Plaza Alhambra – A Tranquil Spot
A visit to the famous Moorish gardens in Granada in southern Spain inspired the garden planner to create Plaza Alhambra in Nunspeet. The Spanish garden is filled with inspiration throughout the seasons due to its classic beauty and large fountain. The atmosphere of Spanish gardens – a combination of classic beauty, colours, high-quality materials and tranquillity – has been transferred to the countryside between Veluwe and the Zuiderzee. Sit down on a bench and enjoy the quiet atmosphere, the tranquillity, the sound of the water and dream of the Spanish sun.
The flowerbeds are planted in different colours and are separated by various kinds of hedges. The main flowering season is summer with the red-yellow beds flowering in late summer.
Visitors can already see the hilly rock garden from a distance. For the first time, a hill has been used as a garden element in the Netherlands. An exciting geological landscape rises up from the lowland plain. It features hills and valleys, streams and waterfalls, walls, crevices, steps and a grotto.
Old English roses, David Austin roses, rose bushes, perpetually flowering modern rose bushes, ground-covering roses, climbing roses, tea hybrid roses and countless rose trees flower here in profusion. Furthermore, experiments are carried out with combinations of trees, bushes, hardy plants and annuals. The fragrant atmospheric heart of the rose courtyard is a bench in an arbour covered with roses and clematis.
A Wide Variety of Garden Elements Inspire Visitors to Plan Their Own Gardens. A large number of garden elements are on show alongside a wide variety of paving materials. Steps and walls, pergolas, arbour walks, climbing elements, slate structures and other elements of spatial design stand out playfully from the green vegetation.
Experiments are also carried out on the use of metals: lead, zinc, rusty iron, galvanised iron and painted wrought iron. These unexpected materials can be found in the garden in the form of tubs for plants, climbing elements, steps and a pergola. Each element has its own atmosphere and aura. Benches and chairs with individual characters invite visitors to linger.
Sculptures by artists from the region can be bought here. Information on the surrounding cultural landscape and on other parks and gardens in the vicinity is available in the pavilion.
8071 ZK Nunspeet
Garden- and landscape architects Goedegebuure
In general: March until October: MondayTuesday to Saturday/Sunday 10:00 – 17:00.
Please check the garden’s website for details.

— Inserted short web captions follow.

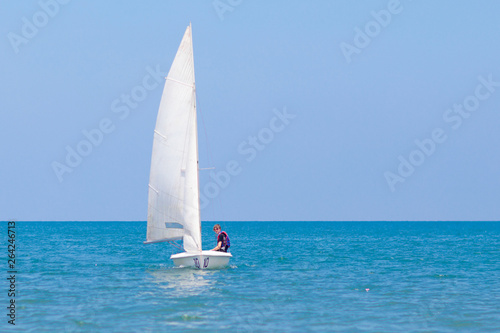 Man sailing. Boy learning to sail on sea yacht.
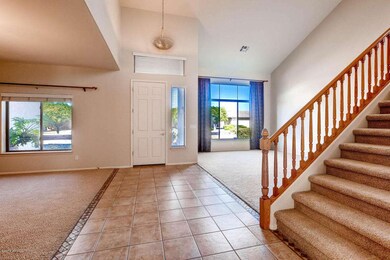 Tiled Entry and Maple Staircase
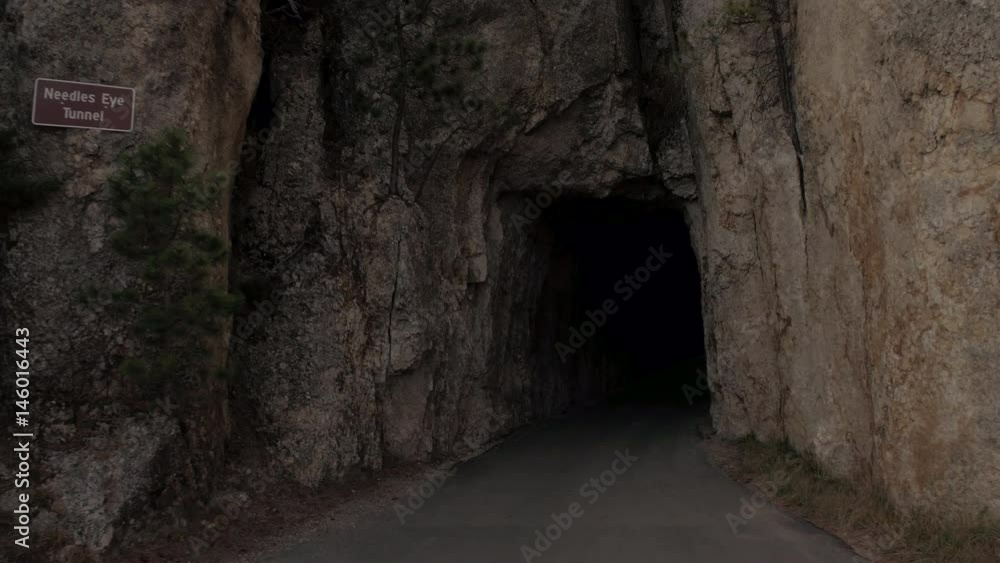 FPV CLOSE UP: Driving through narrow passage in rocky granite wall called Needle's Eye Tunnel and exiting on stone ledge with scenic overlook over the Black Hills National Forest reserve, South Dakota FPV CLOSE UP: Driving through narrow passage in rocky granite wall called Needle's Eye Tunnel and exiting on stone ledge with scenic overlook over the Black Hills National Forest reserve, South Dakota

Admission (inclusive tea/coffee):
Adults: 7.50 Euro
Children 3-10: 3.00 Euro
Children 11-15: 5.00 Euro
Guided tours by appointment
Information concerning cultural events, themed events, workshops and presentations can be found on the website: www.kijktuinen.nl
- Restaurant: Tea and coffee making facilities in the pavilion at the entrance. Restaurants in the village near-by.
- WC: yes
- Parking: Free parking
- Shop: Plant sale at the entrance
- Seats, benches: yes
- Average visiting duration: 1 hour
- Accessibility: Nearly all paths are accessible for people with limited mobility.